How fluent are our animations? Do we drop many frames when rendering? Focusing on performance had an impact on the number of dropped frames most users saw, as proven by the following graph. Each of the lines show the number of dropped frames per second for different user fractiles (i.e. the median user sees around 20 frame drops per second, whereas around 45 frames are dropped at the 90th fractile).
How often do users interact with the reader and what features do they use? Not surprisingly, it turns out that our users interact much more with Reader3 if we make its functionality obvious. For example, this graph shows a ten-fold increase in the number of interactions performed after we decided to show navigation arrows to all users (from around 400 to around 4000 interactions per minute).

Our metrics give us a tool to evaluate our changes. If we are working on making Reader3 faster, we hope to see the animation fluency improve on user devices. Hopefully we can measure increased user interaction when changing or modifying its features. Perhaps needless to say, the data we gather already have shown its value in the scenarios I just outlined, among many others.

Error tracking Did I mention how many different target platforms we target with Reader3 and the number of deployment configurations? The sheer variety makes it completely infeasible to test on all possible devices. So instead, we test on the most common devices and browsers, and rely on error logging from the clients to let us know if we’ve introduced bugs on less-common platforms. We use the Sentry logging server to receive the logs and monitor them in real time.
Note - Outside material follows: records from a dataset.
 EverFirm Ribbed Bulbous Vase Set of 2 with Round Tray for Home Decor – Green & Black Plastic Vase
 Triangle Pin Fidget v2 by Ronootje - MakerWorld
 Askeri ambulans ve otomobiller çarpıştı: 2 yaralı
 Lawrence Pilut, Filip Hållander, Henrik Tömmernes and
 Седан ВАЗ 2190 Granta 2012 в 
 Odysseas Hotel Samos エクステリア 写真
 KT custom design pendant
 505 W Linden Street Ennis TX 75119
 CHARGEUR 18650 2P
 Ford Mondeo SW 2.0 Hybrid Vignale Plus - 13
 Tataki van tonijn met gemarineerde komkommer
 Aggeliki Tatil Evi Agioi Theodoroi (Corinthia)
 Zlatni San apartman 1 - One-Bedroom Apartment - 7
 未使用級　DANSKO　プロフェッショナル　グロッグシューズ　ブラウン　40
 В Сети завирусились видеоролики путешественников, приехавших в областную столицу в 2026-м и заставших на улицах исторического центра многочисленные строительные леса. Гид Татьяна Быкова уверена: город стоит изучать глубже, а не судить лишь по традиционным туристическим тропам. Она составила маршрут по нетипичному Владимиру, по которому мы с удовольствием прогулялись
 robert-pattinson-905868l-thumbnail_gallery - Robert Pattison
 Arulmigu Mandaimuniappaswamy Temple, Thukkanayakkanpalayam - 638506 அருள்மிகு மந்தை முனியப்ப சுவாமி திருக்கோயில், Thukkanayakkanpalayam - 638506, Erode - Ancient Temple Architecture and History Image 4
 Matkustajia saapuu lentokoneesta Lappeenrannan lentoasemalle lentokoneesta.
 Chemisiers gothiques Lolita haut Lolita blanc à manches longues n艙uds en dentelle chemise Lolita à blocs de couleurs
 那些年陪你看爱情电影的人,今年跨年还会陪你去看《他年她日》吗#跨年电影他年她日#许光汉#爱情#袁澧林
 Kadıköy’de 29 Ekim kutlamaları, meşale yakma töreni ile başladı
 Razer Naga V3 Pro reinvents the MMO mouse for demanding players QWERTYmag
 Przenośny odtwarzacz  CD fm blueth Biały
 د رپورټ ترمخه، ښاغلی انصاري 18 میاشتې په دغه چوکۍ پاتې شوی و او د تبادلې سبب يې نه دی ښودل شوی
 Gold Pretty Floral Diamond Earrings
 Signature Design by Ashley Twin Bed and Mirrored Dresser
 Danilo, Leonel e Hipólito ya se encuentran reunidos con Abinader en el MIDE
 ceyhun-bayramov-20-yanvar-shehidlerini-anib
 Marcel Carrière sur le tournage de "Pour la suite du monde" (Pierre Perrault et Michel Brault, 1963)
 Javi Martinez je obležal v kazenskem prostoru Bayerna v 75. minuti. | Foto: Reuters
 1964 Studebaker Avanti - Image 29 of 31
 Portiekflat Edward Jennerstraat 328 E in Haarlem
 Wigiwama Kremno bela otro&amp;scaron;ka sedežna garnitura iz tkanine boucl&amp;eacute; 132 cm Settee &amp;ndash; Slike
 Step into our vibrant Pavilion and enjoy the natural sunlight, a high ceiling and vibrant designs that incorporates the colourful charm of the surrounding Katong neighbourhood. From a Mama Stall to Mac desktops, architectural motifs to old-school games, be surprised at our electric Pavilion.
This gives us an extremely short feedback loop in detecting and fixing bugs. If something slips through our pair programming and tests, we know about it and can deploy a fix within minutes from deploying to production.

Stick to the principles

Working on Reader3, we are touching new ground with each feature we implement because it is a completely new product. Still, procedural or technical debt can quickly accumulate, so we continually look back at our code and process and try to iron out any kinks we may have introduced. We use our core principles as a guiding light.

We must listen to each other.
You should not be the only person knowing this.
We should give users the best possible experience.
There should be no surprises.
We should never be afraid of committing.
Any feedback loop should be as short as possible.

In all we do, we try to further our focus on those values. Any discussions are very constructive because we can always evaluate our solutions against our guiding principles and see the results through data. It gives great satisfaction to work like this. The whole team enjoys working together, our code quality is excellent and we agree on the overall goal and direction.

Stick to your principles. Apply them. Focus.